Print each entry word for word.

[Caption-style text data]
- Opening Delimiter -
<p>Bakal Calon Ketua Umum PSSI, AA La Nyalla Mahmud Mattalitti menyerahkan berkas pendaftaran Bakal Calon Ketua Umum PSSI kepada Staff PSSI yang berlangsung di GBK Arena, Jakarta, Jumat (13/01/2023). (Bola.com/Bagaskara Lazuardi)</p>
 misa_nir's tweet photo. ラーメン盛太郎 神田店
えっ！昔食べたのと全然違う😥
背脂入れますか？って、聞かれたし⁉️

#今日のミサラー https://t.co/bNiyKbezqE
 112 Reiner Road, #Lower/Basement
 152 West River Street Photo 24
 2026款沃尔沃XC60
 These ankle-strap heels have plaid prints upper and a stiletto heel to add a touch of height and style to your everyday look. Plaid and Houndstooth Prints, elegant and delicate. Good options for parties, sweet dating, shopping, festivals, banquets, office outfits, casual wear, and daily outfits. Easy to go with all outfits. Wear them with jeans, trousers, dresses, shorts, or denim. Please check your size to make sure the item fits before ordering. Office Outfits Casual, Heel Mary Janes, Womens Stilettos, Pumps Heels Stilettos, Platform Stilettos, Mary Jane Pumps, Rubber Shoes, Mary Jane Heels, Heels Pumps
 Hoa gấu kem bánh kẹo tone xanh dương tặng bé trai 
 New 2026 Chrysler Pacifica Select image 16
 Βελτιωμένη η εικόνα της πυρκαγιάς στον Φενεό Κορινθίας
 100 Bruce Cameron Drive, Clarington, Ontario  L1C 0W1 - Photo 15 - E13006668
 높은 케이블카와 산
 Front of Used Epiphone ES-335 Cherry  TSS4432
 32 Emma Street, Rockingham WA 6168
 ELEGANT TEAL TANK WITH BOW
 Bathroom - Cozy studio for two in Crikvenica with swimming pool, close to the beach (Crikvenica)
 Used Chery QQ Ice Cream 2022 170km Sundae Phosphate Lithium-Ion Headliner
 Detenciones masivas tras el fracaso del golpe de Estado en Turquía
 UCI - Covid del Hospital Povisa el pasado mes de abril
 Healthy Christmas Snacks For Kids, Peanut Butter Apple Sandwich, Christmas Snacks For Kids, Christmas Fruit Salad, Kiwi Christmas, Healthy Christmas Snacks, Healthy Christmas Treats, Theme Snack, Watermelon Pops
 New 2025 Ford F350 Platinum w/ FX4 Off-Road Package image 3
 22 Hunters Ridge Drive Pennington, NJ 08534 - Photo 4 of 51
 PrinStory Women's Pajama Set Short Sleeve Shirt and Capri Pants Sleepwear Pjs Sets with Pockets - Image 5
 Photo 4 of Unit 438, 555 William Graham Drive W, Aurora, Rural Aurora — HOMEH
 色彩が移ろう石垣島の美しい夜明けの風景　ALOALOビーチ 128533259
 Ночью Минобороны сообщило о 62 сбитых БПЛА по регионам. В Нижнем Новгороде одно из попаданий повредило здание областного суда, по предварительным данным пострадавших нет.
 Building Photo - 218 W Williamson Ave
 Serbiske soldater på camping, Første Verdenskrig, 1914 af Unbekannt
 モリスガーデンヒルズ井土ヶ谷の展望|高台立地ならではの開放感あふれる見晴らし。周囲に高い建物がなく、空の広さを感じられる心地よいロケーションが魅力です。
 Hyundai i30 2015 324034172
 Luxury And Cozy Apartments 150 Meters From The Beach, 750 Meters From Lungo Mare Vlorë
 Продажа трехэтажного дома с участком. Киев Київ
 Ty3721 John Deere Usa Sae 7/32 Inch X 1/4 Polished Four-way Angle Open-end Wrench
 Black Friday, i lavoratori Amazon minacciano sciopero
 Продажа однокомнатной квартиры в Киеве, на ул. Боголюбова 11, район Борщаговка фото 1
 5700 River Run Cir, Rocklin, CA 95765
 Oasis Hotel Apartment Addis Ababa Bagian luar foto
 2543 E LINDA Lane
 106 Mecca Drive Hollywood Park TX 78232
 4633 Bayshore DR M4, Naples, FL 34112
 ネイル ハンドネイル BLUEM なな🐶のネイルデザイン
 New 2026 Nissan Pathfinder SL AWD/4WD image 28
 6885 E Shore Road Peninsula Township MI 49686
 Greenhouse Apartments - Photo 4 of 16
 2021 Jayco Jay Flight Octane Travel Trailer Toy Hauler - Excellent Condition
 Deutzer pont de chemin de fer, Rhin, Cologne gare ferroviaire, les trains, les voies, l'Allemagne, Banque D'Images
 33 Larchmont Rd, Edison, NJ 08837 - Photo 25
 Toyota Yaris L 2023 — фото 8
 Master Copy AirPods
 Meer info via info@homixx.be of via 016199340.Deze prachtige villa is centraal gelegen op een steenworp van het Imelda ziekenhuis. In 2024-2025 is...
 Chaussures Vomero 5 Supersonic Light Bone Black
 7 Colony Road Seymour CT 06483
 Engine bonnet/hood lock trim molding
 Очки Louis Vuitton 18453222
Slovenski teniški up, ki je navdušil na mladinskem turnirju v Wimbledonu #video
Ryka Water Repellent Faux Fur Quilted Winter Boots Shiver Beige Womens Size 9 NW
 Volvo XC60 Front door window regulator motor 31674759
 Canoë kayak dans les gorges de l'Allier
- Closing Delimiter -
Output of the exercise:
<p>Bakal Calon Ketua Umum PSSI, AA La Nyalla Mahmud Mattalitti menyerahkan berkas pendaftaran Bakal Calon Ketua Umum PSSI kepada Staff PSSI yang berlangsung di GBK Arena, Jakarta, Jumat (13/01/2023). (Bola.com/Bagaskara Lazuardi)</p>
 misa_nir's tweet photo. ラーメン盛太郎 神田店
えっ！昔食べたのと全然違う😥
背脂入れますか？って、聞かれたし⁉️

#今日のミサラー https://t.co/bNiyKbezqE
 112 Reiner Road, #Lower/Basement
 152 West River Street Photo 24
 2026款沃尔沃XC60
 These ankle-strap heels have plaid prints upper and a stiletto heel to add a touch of height and style to your everyday look. Plaid and Houndstooth Prints, elegant and delicate. Good options for parties, sweet dating, shopping, festivals, banquets, office outfits, casual wear, and daily outfits. Easy to go with all outfits. Wear them with jeans, trousers, dresses, shorts, or denim. Please check your size to make sure the item fits before ordering. Office Outfits Casual, Heel Mary Janes, Womens Stilettos, Pumps Heels Stilettos, Platform Stilettos, Mary Jane Pumps, Rubber Shoes, Mary Jane Heels, Heels Pumps
 Hoa gấu kem bánh kẹo tone xanh dương tặng bé trai 
 New 2026 Chrysler Pacifica Select image 16
 Βελτιωμένη η εικόνα της πυρκαγιάς στον Φενεό Κορινθίας
 100 Bruce Cameron Drive, Clarington, Ontario  L1C 0W1 - Photo 15 - E13006668
 높은 케이블카와 산
 Front of Used Epiphone ES-335 Cherry  TSS4432
 32 Emma Street, Rockingham WA 6168
 ELEGANT TEAL TANK WITH BOW
 Bathroom - Cozy studio for two in Crikvenica with swimming pool, close to the beach (Crikvenica)
 Used Chery QQ Ice Cream 2022 170km Sundae Phosphate Lithium-Ion Headliner
 Detenciones masivas tras el fracaso del golpe de Estado en Turquía
 UCI - Covid del Hospital Povisa el pasado mes de abril
 Healthy Christmas Snacks For Kids, Peanut Butter Apple Sandwich, Christmas Snacks For Kids, Christmas Fruit Salad, Kiwi Christmas, Healthy Christmas Snacks, Healthy Christmas Treats, Theme Snack, Watermelon Pops
 New 2025 Ford F350 Platinum w/ FX4 Off-Road Package image 3
 22 Hunters Ridge Drive Pennington, NJ 08534 - Photo 4 of 51
 PrinStory Women's Pajama Set Short Sleeve Shirt and Capri Pants Sleepwear Pjs Sets with Pockets - Image 5
 Photo 4 of Unit 438, 555 William Graham Drive W, Aurora, Rural Aurora — HOMEH
 色彩が移ろう石垣島の美しい夜明けの風景　ALOALOビーチ 128533259
 Ночью Минобороны сообщило о 62 сбитых БПЛА по регионам. В Нижнем Новгороде одно из попаданий повредило здание областного суда, по предварительным данным пострадавших нет.
 Building Photo - 218 W Williamson Ave
 Serbiske soldater på camping, Første Verdenskrig, 1914 af Unbekannt
 モリスガーデンヒルズ井土ヶ谷の展望|高台立地ならではの開放感あふれる見晴らし。周囲に高い建物がなく、空の広さを感じられる心地よいロケーションが魅力です。
 Hyundai i30 2015 324034172
 Luxury And Cozy Apartments 150 Meters From The Beach, 750 Meters From Lungo Mare Vlorë
 Продажа трехэтажного дома с участком. Киев Київ
 Ty3721 John Deere Usa Sae 7/32 Inch X 1/4 Polished Four-way Angle Open-end Wrench
 Black Friday, i lavoratori Amazon minacciano sciopero
 Продажа однокомнатной квартиры в Киеве, на ул. Боголюбова 11, район Борщаговка фото 1
 5700 River Run Cir, Rocklin, CA 95765
 Oasis Hotel Apartment Addis Ababa Bagian luar foto
 2543 E LINDA Lane
 106 Mecca Drive Hollywood Park TX 78232
 4633 Bayshore DR M4, Naples, FL 34112
 ネイル ハンドネイル BLUEM なな🐶のネイルデザイン
 New 2026 Nissan Pathfinder SL AWD/4WD image 28
 6885 E Shore Road Peninsula Township MI 49686
 Greenhouse Apartments - Photo 4 of 16
 2021 Jayco Jay Flight Octane Travel Trailer Toy Hauler - Excellent Condition
 Deutzer pont de chemin de fer, Rhin, Cologne gare ferroviaire, les trains, les voies, l'Allemagne, Banque D'Images
 33 Larchmont Rd, Edison, NJ 08837 - Photo 25
 Toyota Yaris L 2023 — фото 8
 Master Copy AirPods
 Meer info via info@homixx.be of via 016199340.Deze prachtige villa is centraal gelegen op een steenworp van het Imelda ziekenhuis. In 2024-2025 is...
 Chaussures Vomero 5 Supersonic Light Bone Black
 7 Colony Road Seymour CT 06483
 Engine bonnet/hood lock trim molding
 Очки Louis Vuitton 18453222
Slovenski teniški up, ki je navdušil na mladinskem turnirju v Wimbledonu #video
Ryka Water Repellent Faux Fur Quilted Winter Boots Shiver Beige Womens Size 9 NW
 Volvo XC60 Front door window regulator motor 31674759
 Canoë kayak dans les gorges de l'Allier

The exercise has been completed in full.